Sevgili öğrenciler, izleyenler, dinleyenler, sevgili kardeşlerim, tekrar edelim ki; Kur’ân-ı Kerim Tefsiri, ancak Allah’ın öğretisiyle gerçekleşen bir olaydır. Kur’ân-ı Kerim’in ruhundan bahsediyoruz. Lafız, herkes tarafından bir şekilde ifade edilmeye çalışılmıştır. Ama ruha gelince; ruhta Allah söz konusudur, O’nun öğretisi asıldır.


Öyleyse inşaallah Hicr Suresinin 85. âyet-i kerimesiyle konumuza giriyoruz.


Allahû Tealâ buyuruyor:


Eûzubillâhimineşşeytânirracîm, bismillâhirrahmânirrahîm.

15/HİCR-85: Ve mâ halaknâs semâvâti vel arda ve mâ beynehumâ illâ bil hakk(hakkı), ve innes sâate le âtiyetun fasfehıs safhal cemîl(cemîle).

Biz semaları ve yeryüzünü ve o ikisinin arasındaki şeyleri, başka bir şey için yaratmadık. Ancak hak ile yarattık. Ve muhakkak ki; o saat (kıyâmet) mutlaka gelecektir. Artık onlardan güzellikle yüz çevir.

Kelimelere geçiyoruz:


ve mâ halaknâ: Ve Biz yaratmadık.

es semâvâti: Semalar (gökler).

ve el arda: Ve yer, yeryüzü, arz.

ve mâ beyne-humâ: Ve ikisinin arasında olan şeyler.

illâ: Ancak, başka.

bi el hakkı: Hak ile.

ve inne es sâate: Ve muhakkak ki o saat  (kıyâmet).

le âtiyetun: Mutlaka, elbette gelecek.

fasfah (fe ısfah): Artık müsamaha göster, iyi muamele et.

es safha el cemîle: Güzel (bir) şekilde, güzellikle yüz çevirmek.


Şimdi cümleciklere geçiyoruz:


Bismillâhirrahmânirrahîm.

ve mâ halaknâ:
Biz yaratmadık (başka bir şey için yaratmadık).

es semâvâti vel arda: Semaları ve yeryüzünü (arzı).

ve mâ beynehumâ: Ve o ikisinin arasındaki şeyleri.

illâ bil hakkı: Ancak hak ile.
Yani:  “Ancak hak ile (sadece hak ile) yarattık.”     

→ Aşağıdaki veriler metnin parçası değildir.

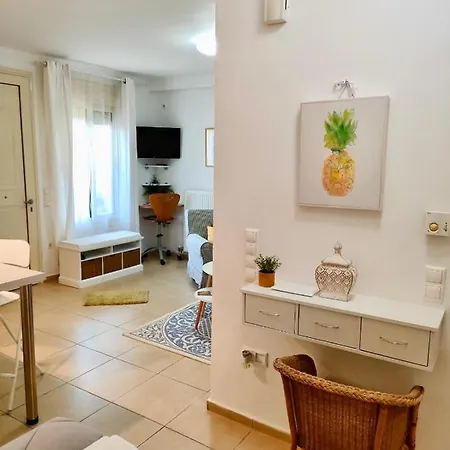 Sea Breeze - Light Holiday home *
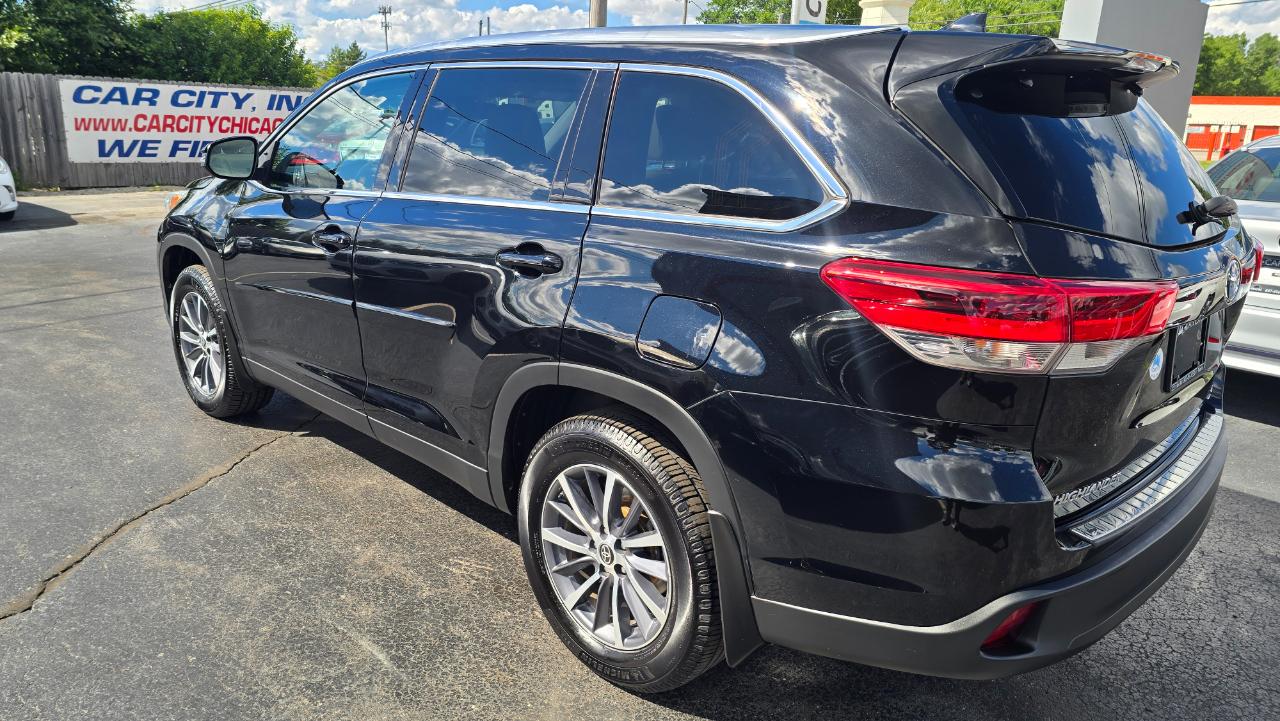 Toyota Highlander XLE AWD V6 2019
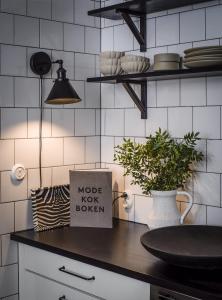 Vägglampa Svart Dimbar PR Home Anton18cm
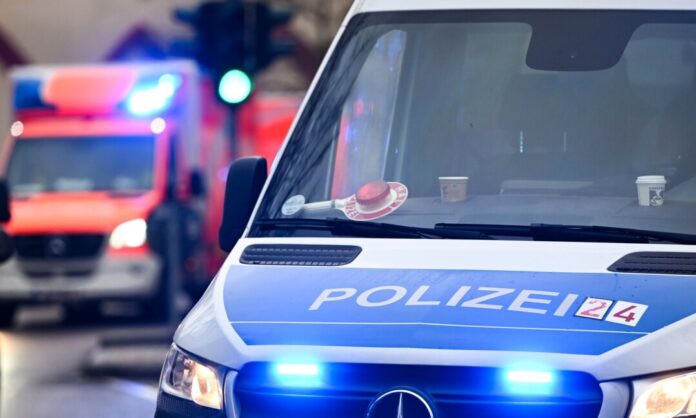 Polizei und Krankenwagen Polizeifahrzeug und Rettungswagen: Ein Senior ist mit seinem Krankenfahrstuhl tödlich verunglückt. (Symbolbild)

ve innes sâate le âtiyetun: Muhakkak ki o saat (kıyâmet), mutlaka gelecektir. 


“fasfehıs safhal cemîle:
Artık onlardan güzellikle yüz çevir.” buyuruyor Allahû Tealâ.

 

Allahû Tealâ gökleri, yerleri ve ikisinin arasındakileri boşuna yaratmadığını söylüyor:
“Ancak hak ile.” Yani: “Mutlak bir maksada matuf olarak, mutlak bir hedefe yönelik olarak.”


Öyleyse Allahû Tealâ dilediği şeyi hangi istikamette yaratmak istiyorsa o istikamette yaratır. Biz insanları, Allahû Tealâ hanif fıtratıyla yaratmış ve koyduğu dîn de sadece bir tek dîn; hanif dîni. İnsanlar, o dîni yaşayabilecek olan özellikle yaratılıyor. Ondan başka da bir dîn hiç yok, hiç olmamış.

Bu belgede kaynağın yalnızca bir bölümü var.